To break in Canada’s newest, most powerful research supercomputer, the University of Toronto’s Richard Peltier is running a “heroic calculation” – one that is expected to shed new light on how the world’s oceans physically function.
It’s unknown how long it will take the more than $18-million machine known as Niagara to crunch the millions of gigabytes in real-time data streaming to it now from the ocean bottom of the Pacific.
“It’s never been done before,” said Peltier, a globally renowned climate change expert. “It could be days or even a week depending on the spatial resolution we decide to work at.”
Unveiled today, Niagara is a massive network of 60,000 cores – the equivalent of roughly 60,000 powerful desktop computers – that can be tasked to work together simultaneously on a single, humungous problem.
This type of setup, known as a large parallel system, is the only one in Canada and is housed in a secure, non-descript location in Vaughan, Ont. It’s open to all Canadian university researchers and is part of a national network of research computing infrastructure.
Up and running for a week, the SciNet team has started feeding the data for Peltier into Niagara. He came up with the idea of running a heroic calculation on it after discussing with colleagues how best to strenuously test the power of the large parallel system.
“By devoting the entire machine, not only a portion of it, to this one calculation – that’s why it’s ‘heroic,’” said Peltier, a U of T University Professor of physics and scientific director of SciNet. “This is pure, curiosity-driven research.
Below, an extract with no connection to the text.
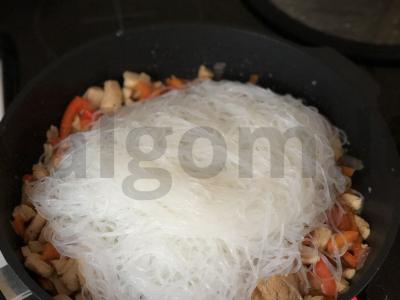 Funchose su vištiena ir daržovėmis Žingsnis 7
We hope the results will warrant publication and be a major coup for Niagara.”
Running a similar calculation on the old SciNet supercomputer would have taken roughly 20 times longer.
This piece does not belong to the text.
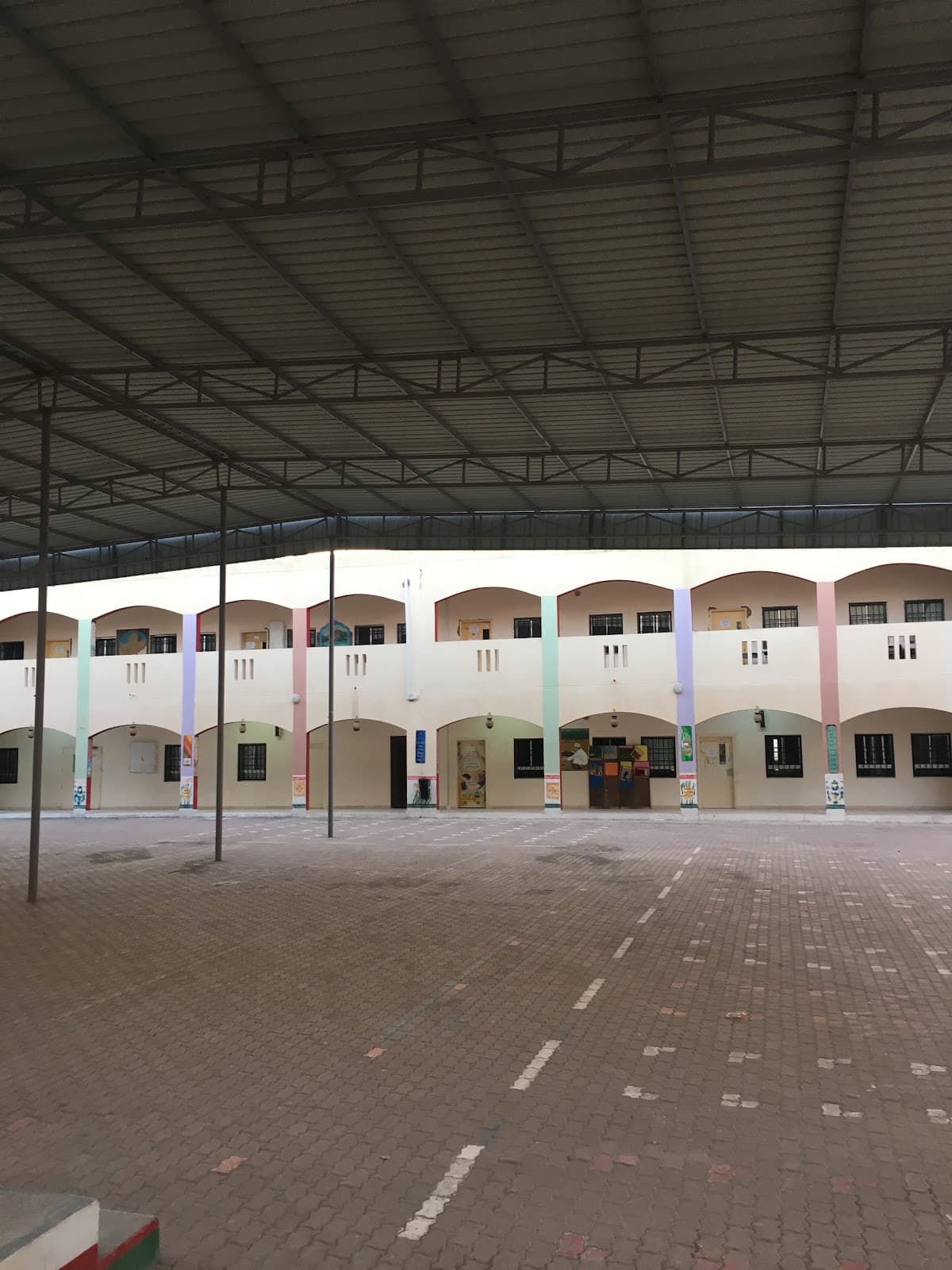 Khalid Bin Al Walid School - Photo 1 of 3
The calculation, done in partnership with researchers at the University of Michigan and the Jet Propulsion Lab at Caltech, is attempting to answer a fundamental research question that holds great interest for researchers in a number of fields.
In the 1970s, oceanographers Chris Garrett and Walter Munk famously theorized the world’s oceans are filled with internal waves ricocheting back and forth from the ocean bottom to the surface and predicted the shape of the power spectrum that should be observed in these waves.
The waves are generated by the barotropic tide causing the water in the oceans to slosh back and forth horizontally in response to the gravitational pull of the sun and moon. Their intensity is magnified by bumps along the ocean floor – the bumpier the bottom, the stronger the wave, Peltier explained. When waves break, turbulence is generated and causes friction, which makes the ocean dissipative and “sticky.”
But for more than four decades, scientists have lacked an accurate, high resolution model of the detailed physics of this interaction to actually see whether the theoretical arguments are correct, he said.
To conduct the Niagara calculation, his team of collaborators are using data from ocean sensors called McLane profilers in selected patches of the Pacific Ocean – one near the Hawaiian islands, which has a very bumpy ocean bottom, and one in the open ocean of the central-west Pacific, which has a smoother ocean floor.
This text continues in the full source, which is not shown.